Rose Miron, Newberry Library
Meredith McCoy, Carleton College
Josee Starr, Gichigamiin Indigenous Nations Museum
Session Abstract
This roundtable will highlight Indigenous Chicago’s curriculum as it emerged from our five years of community-engaged resource development, situating it within recent developments for how Indigenous histories are taught in Illinois classrooms. The panel brings together Rose Miron, a non-Native historian of Great Lakes Indigenous history and Vice President for Research and Education at the Newberry Library; Meredith McCoy (Turtle Mountain Ojibwe descent), Associate Professor of History and American Studies at Carleton College; Aaron Golding (Seneca), Co-Chair of the Chicago American Indian Community Collaborative Education Committee and Senior Program Administrator in the School of Education and Social Policy at Northwestern University; and Josee Starr (Mandan, Hidatsa and Arikara Nation, Omaha, and Odawa), Director of Operations for the Gichigamiin Museum and former co-chair for the Chicago American Indian Community Collaborative Education Subcommittee. Coming from a library, a museum, higher education, and a community organization, each member of our panel brings a different background and perspective to this curriculum and public history project.

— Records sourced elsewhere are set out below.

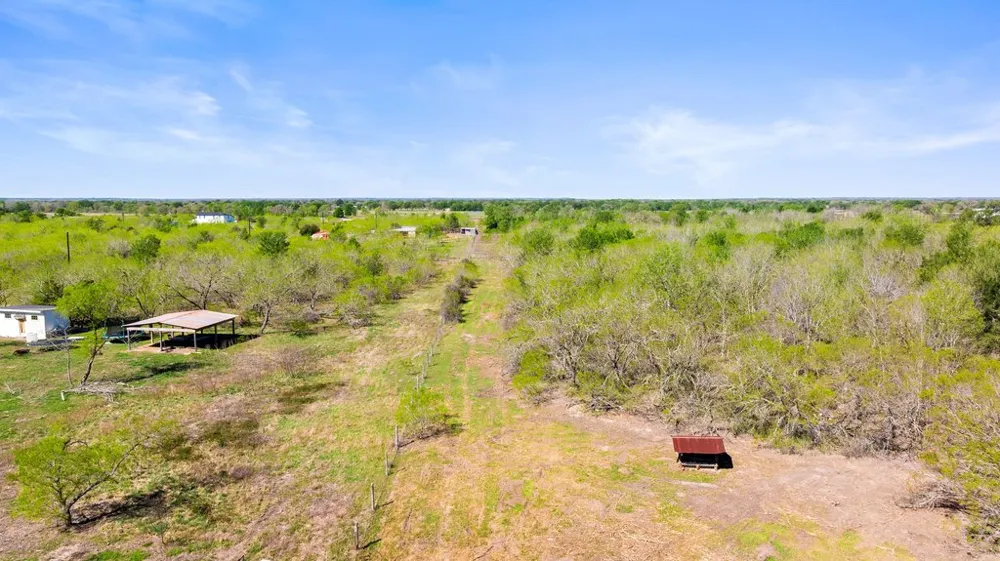 8530 FM 153 La Grange, TX 78945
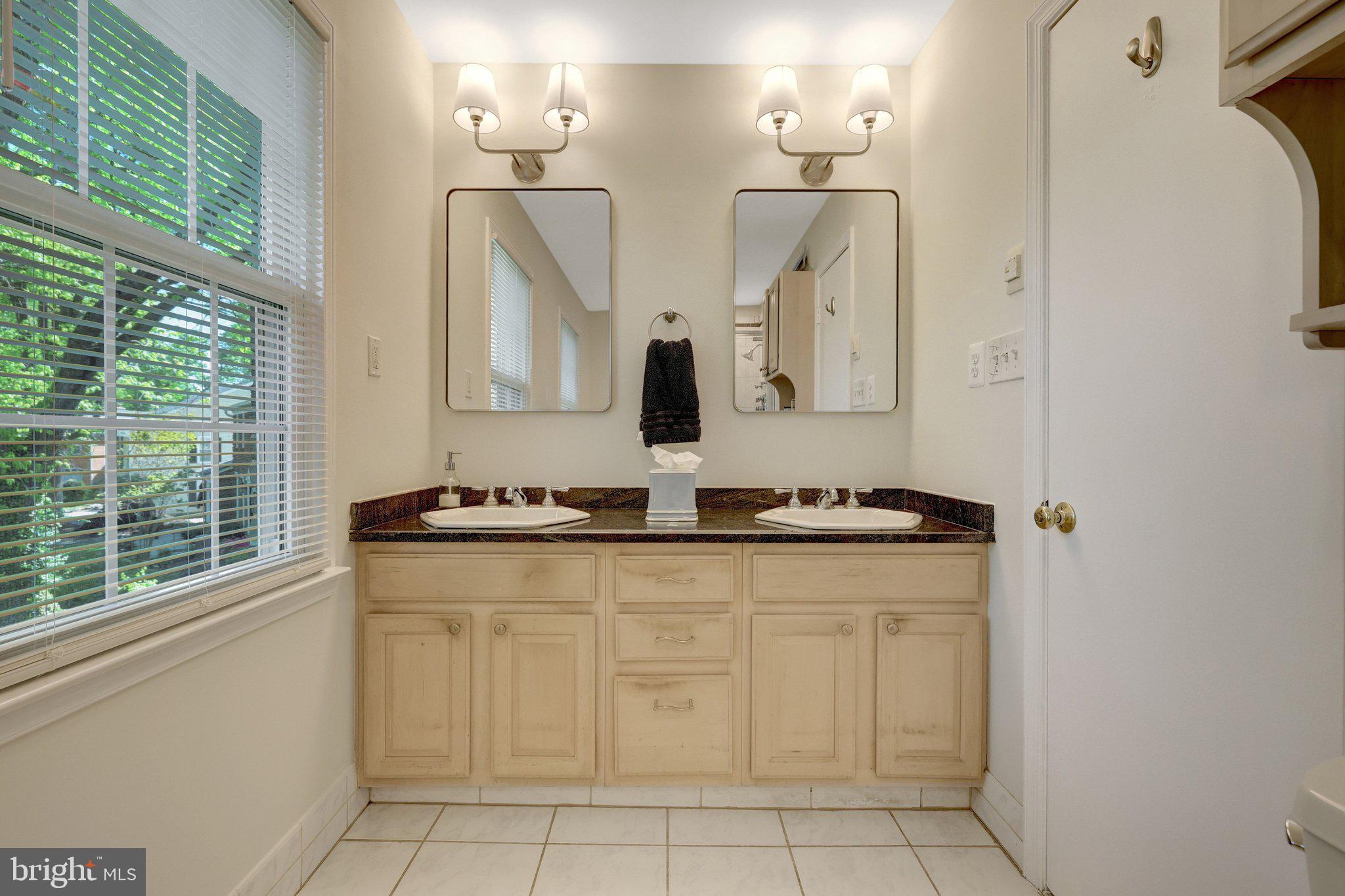 502 WOODLAND COURT NW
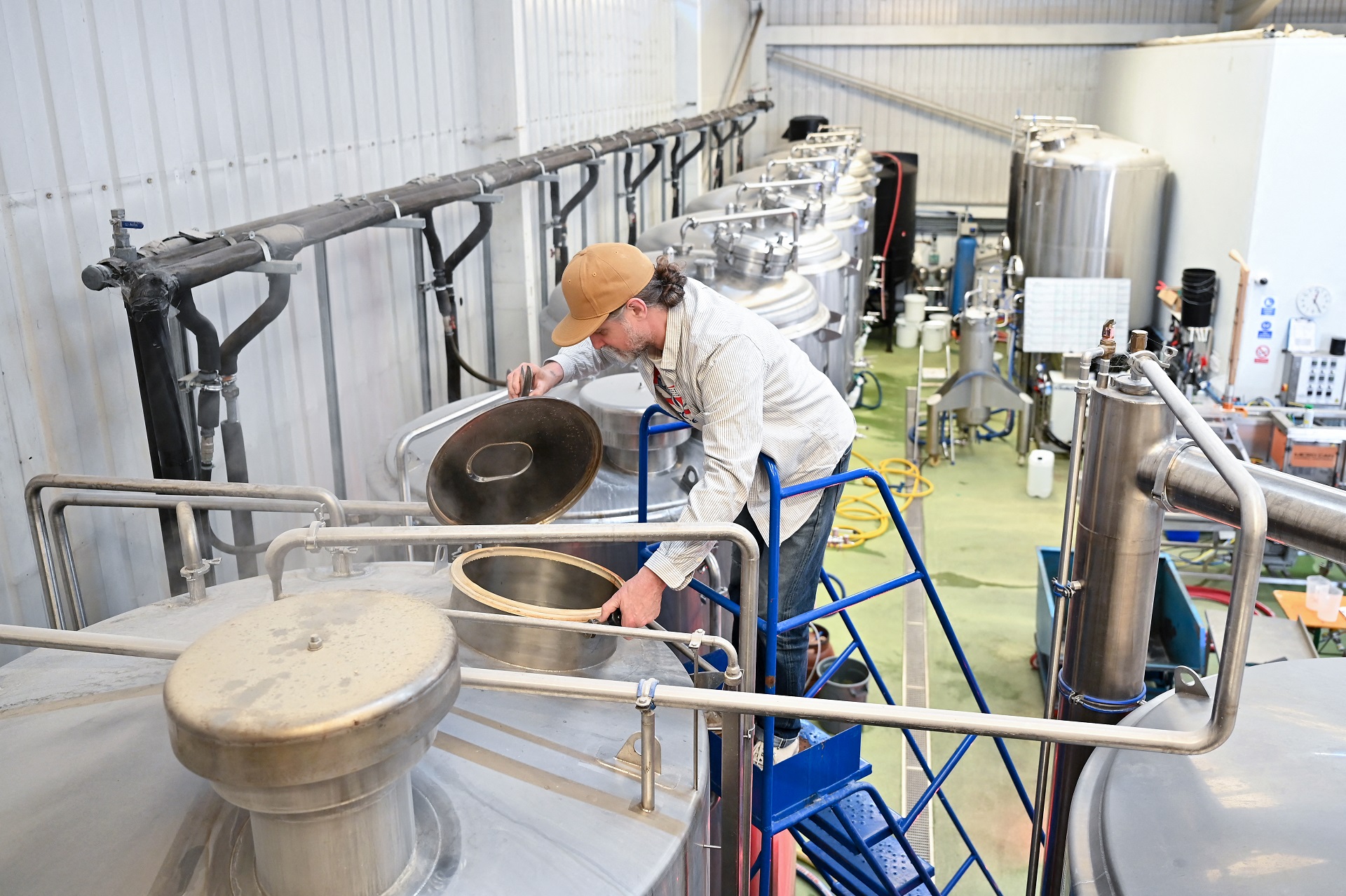Trabajador de Pressure Drops, cervecería que forma parte del ensayo laboral (AFP)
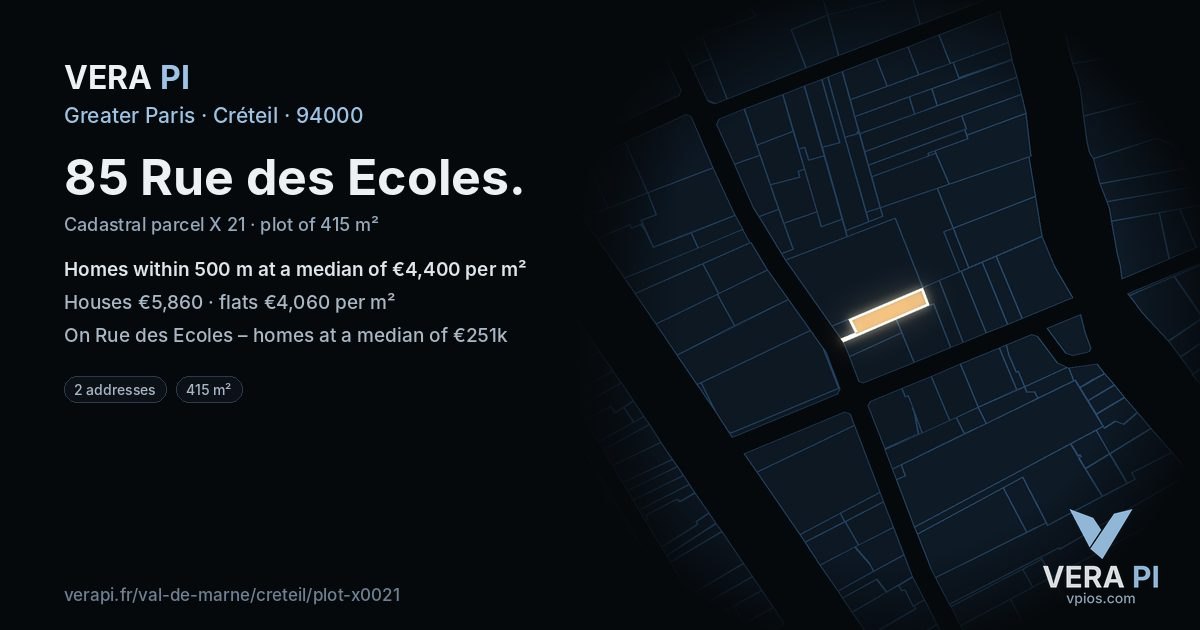 85 Rue des Ecoles, Créteil at night – the plot lit, the parcels around coloured by the prices near them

Golding will introduce recent developments for representations of Indigenous histories in Illinois, including the roll-out of the state’s new mandate to teach Indigenous histories and how community organizations are developing professional development for teachers; Miron will speak to the project as a public history initiative; McCoy will detail the components of the curriculum, including its connections with AP US History; and Starr will discuss the development of the curriculum, its links with other project components, and its significance within the local community.